Degrees vs radians and the atan2 function
Radians are the natural unit for angle in mathematics: one radian is the angle that subtends an arc length equal to the radius. A full circle is 2pi radians (approximately 6.2832) or 360 degrees. To convert degrees to radians multiply by pi/180; to convert radians to degrees multiply by 180/pi. The atan2(y, x) function is an extension of the ordinary arctangent that takes both x and y separately rather than their ratio, allowing it to distinguish angles in all four quadrants. Ordinary arctan(y/x) cannot tell whether (1, 1) and (-1, -1) point in opposite directions because both give y/x = 1. Using atan2 eliminates that ambiguity.
Theta angle by quadrant
| x sign | y sign | Quadrant | Theta range (degrees) | Theta range (radians) |
|---|---|---|---|---|
| + | + | I | 0 to 90 | 0 to pi/2 |
| - | + | II | 90 to 180 | pi/2 to pi |
| - | - | III | -180 to -90 | -pi to -pi/2 |
| + | - | IV | -90 to 0 | -pi/2 to 0 |
| 0 | + | Positive y-axis | 90 | pi/2 |
| 0 | - | Negative y-axis | -90 | -pi/2 |
| + | 0 | Positive x-axis | 0 | 0 |
| - | 0 | Negative x-axis | 180 or -180 | pi or -pi |
The sign of x and y determines the quadrant and the principal-value range of theta (using atan2).

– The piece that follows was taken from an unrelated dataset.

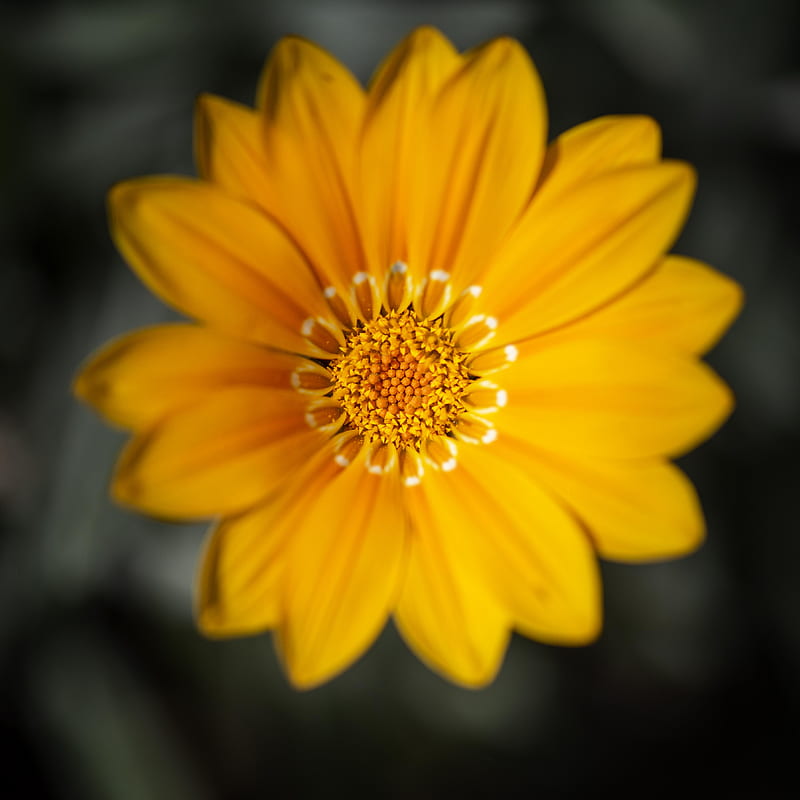 gazania, flower, petals, yellow, macro, HD phone wallpaper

Frequently asked questions
What is the formula for converting rectangular to polar coordinates?
The radius is r = sqrt(x^2 + y^2), which is the Pythagorean distance from the origin to the point. The angle is theta = atan2(y, x), which returns the angle in the correct quadrant for all combinations of positive and negative x and y. The result is in radians; multiply by 180/pi to convert to degrees.
What is the formula for converting polar to rectangular coordinates?
The horizontal coordinate is x = r * cos(theta) and the vertical coordinate is y = r * sin(theta). Make sure theta is in radians if your calculator or code expects radians, or convert with theta_rad = theta_deg * pi / 180 first.
Why does theta have a range of (-180, 180] degrees?
The atan2 function returns the principal-value angle, meaning it picks the unique angle in the half-open interval (-pi, pi] radians, which is (-180, 180] degrees. This convention avoids ambiguity: every (x, y) pair maps to exactly one principal theta. You can always add or subtract multiples of 360 degrees to get equivalent representations.
Can r be negative in polar coordinates?
Conventionally r is non-negative. A negative r is sometimes used in advanced graphing (where the point is plotted in the opposite direction at distance |r|), but this calculator follows the standard convention where r >= 0 and the direction is fully determined by theta.
What is the polar form of a point on the axes?
A point on the positive x-axis has theta = 0. A point on the positive y-axis has theta = 90 degrees (pi/2 radians). A point on the negative x-axis has theta = 180 degrees (pi radians). A point on the negative y-axis has theta = -90 degrees (-pi/2 radians). The origin itself has r = 0 and theta is undefined.